Mas as coisas nem sempre mudavam, não era? Emma talvez não compreendesse isso. “- É bom você ficar longe de confusão. – Falou ela, arrumando a bola no ombro. “- Sean não anda de muito bom humor ultimamente, viu?” – Sean era outro sujeito engraçado que ele tinha conhecido ali. Ele era um policial. Mas um policial esquisito, Sam tinha ouvido a respeito da esposa de Sean, e achava que talvez esse fosse um dos motivos pelo qual o cara sempre parecia deprimido ou simplesmente fora do ar. Era como observar um boneco de cera, às vezes, mas Sean era um sujeito legal, apesar de ser um policial, tinha livrado a cara Sam uma ou duas vezes, mas era bom não forçar a barra, era? Nunca era.
“- Sam, você foi ver aquele cara que te falei? No centro de acolhimento? Você prometeu que ia, Sam e é bom você ir. Não vai querer me ver irritada.” – Emma piscou um dos olhos, era difícil para Samuel imaginar aquela mulher irritada. “- Não estarei aqui hoje na hora do almoço, tenho que ver uns cavalos lá pros lados Roundwood, então vê se procura o Sean pra ele te dar alguma coisa para comer ou passa no centro de acolhimento.” – Ela suspirou, os olhos passeando pela praia deserta por um momento, Samuel se perguntava se ter uma irmã mais velha seria mais ou menos daquele jeito. Por fim, Emma olhou para ele e depois acenou se despedindo.

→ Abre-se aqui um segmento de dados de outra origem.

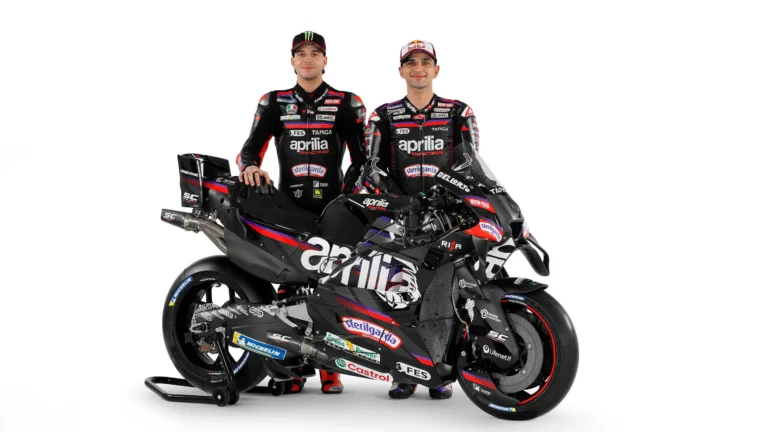 Aprilia Racing presenta su moto para el 2026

Então Samuel começou refletir mais uma vez.
Ultimamente ele andava tendo uns sonhos esquisitos. Não eram exatamente pesadelos, por que não tinha nada de assustador naqueles sonhos, mas parecia que era o mesmo sonho todos os dias, sem muitas mudanças. Ele sonhava que estava andando numa estrada, mas não conseguia ver o que tinha dos lados – eram borrões que pareciam árvores – e quando olhava para trás não via nada, assim como não via nada na frente. Constantemente, durante o sonho, Samuel ouvia o barulho de asas batendo, mas quando olhava para cima, o céu era escuro, sem lua e sem estrelas. Então uma coruja piava e Samuel acordava.
Ele teve aquele sonho mais uma vez, na noite passada, a diferença era que dessa vez a coruja parecia mais perto do que de todas as outras vezes em que tinha sonhado com aquilo e agora, mesmo acordado, tinha a sensação esquisita de que alguma coisa estava olhando para ele. Igual no sonho, como quando ele olhava para cima, depois de ouvir as asas, mas não via nada.
Emma já tinha se afastado e ele quase não conseguia mais vê-la, enquanto a jovem atravessava as ruas em direção ao seu carro estacionado do outro lado. Aquele papo de centro de acolhimento não lhe agradava nem um pouco. E se fosse igual ao orfanato? Ou pior? Mas Emma tinha garantido que eles só iam tentar arrumar um lar temporário para Samuel, talvez uma escola e um emprego de meio período, para ele aprender alguma profissão…
Bom, ele meio que tinha uma profissão, não era? Não era? Mas Emma era uma garota legal, talvez tentar… Talvez não fosse tão ruim, e se o cara que ela tinha dito fosse legal igual a ela as coisas poderiam ser melhores do que ele esperava que fosse e de qualquer modo, se nada desse certo, provavelmente descolaria no mínimo um almoço. Era uma das muitas coisas para se pensar naquele início de dia.